← Back to context

Comment by Smerity

1 year ago

Excited to see more people working on RNNs but wish their citations were better.

In 2016 my team from Salesforce Research published our work on the Quasi-Recurrent Neural Network[1] (QRNN). The QRNN variants we describe are near identical (minGRU) or highly similar (minLSTM) to the work here.

The QRNN was used, many years ago now, in the first version of Baidu's speech recognition system (Deep Voice [6]) and as part of Google's handwriting recognition system in Gboard[5] (2019).

Even if there are expressivity trade-offs when using parallelizable RNNs they've shown historically they can work well and are low resource and incredibly fast. Very few of the possibilities regarding distillation, hardware optimization, etc, have been explored.

Even if you need "exact" recall, various works have shown that even a single layer of attention with a parallelizable RNN can yield strong results. Distillation down to such a model is quite promising.

Other recent fast RNN variants such as the RWKV, S4, Mamba et al. include citations to QRNN (2016) and SRU (2017) for a richer history + better context.

The SRU work has also had additions in recent years (SRU++), doing well in speech recognition and LM tasks where they found similar speed benefits over Transformers.

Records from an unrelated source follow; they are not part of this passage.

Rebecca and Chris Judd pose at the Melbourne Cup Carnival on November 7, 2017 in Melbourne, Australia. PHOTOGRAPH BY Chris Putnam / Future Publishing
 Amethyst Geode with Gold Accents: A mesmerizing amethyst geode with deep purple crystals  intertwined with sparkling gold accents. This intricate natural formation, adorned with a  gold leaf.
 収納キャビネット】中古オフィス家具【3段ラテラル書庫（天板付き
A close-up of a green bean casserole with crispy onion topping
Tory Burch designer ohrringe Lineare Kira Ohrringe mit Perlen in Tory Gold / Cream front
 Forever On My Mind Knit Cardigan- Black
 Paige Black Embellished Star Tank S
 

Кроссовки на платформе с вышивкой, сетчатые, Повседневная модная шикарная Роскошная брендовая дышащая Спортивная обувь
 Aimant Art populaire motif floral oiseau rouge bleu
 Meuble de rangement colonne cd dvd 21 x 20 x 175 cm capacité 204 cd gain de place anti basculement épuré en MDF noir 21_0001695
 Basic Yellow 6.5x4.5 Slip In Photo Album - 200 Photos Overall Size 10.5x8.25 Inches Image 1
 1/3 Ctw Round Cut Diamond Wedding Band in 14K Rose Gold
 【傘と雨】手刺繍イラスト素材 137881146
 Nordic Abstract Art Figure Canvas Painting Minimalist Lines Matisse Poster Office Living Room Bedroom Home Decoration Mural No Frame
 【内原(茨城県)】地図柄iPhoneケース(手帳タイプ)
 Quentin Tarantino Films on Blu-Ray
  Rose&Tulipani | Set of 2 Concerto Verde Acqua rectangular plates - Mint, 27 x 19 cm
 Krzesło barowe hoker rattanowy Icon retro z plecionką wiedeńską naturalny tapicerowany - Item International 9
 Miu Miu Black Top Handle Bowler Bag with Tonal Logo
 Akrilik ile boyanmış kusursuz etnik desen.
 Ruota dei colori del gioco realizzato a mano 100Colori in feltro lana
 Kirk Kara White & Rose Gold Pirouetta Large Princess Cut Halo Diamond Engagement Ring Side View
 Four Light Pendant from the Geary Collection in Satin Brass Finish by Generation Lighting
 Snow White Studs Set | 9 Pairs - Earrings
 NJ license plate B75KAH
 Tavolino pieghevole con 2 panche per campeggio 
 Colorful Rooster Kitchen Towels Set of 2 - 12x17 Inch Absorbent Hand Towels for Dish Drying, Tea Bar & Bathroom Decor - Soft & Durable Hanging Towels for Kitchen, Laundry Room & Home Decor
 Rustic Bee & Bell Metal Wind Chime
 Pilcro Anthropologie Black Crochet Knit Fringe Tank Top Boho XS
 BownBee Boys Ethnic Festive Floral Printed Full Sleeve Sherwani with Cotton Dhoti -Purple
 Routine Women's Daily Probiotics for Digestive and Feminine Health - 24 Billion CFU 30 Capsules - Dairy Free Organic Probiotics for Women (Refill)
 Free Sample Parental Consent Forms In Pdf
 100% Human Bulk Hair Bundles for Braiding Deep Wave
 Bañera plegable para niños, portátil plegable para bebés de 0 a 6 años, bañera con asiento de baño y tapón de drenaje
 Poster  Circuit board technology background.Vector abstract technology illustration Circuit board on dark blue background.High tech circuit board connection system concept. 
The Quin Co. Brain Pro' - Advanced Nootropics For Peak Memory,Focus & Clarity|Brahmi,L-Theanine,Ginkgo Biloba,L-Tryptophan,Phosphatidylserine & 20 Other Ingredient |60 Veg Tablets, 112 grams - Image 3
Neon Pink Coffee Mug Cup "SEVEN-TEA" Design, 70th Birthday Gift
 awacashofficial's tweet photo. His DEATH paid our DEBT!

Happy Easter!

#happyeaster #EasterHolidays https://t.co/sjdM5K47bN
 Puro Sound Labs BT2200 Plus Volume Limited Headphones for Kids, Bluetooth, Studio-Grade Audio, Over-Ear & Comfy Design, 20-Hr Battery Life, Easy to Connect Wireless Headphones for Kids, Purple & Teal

I note this primarily as the more data points, especially when strongly relevant, the better positioned the research is. A number of the "new" findings from this paper have been previously explored - and do certainly show promise! This makes sure we're asking new questions with new insights (with all the benefit of additional research from ~8 years ago) versus missing the work from those earlier.

[1] QRNN paper: https://arxiv.org/abs/1611.01576

[2] SRU paper: https://arxiv.org/abs/1709.02755

[3]: SRU++ for speech recognition: https://arxiv.org/abs/2110.05571

[4]: SRU++ for language modeling: https://arxiv.org/abs/2102.12459

[5]: https://research.google/blog/rnn-based-handwriting-recogniti...

[6]: https://arxiv.org/abs/1702.07825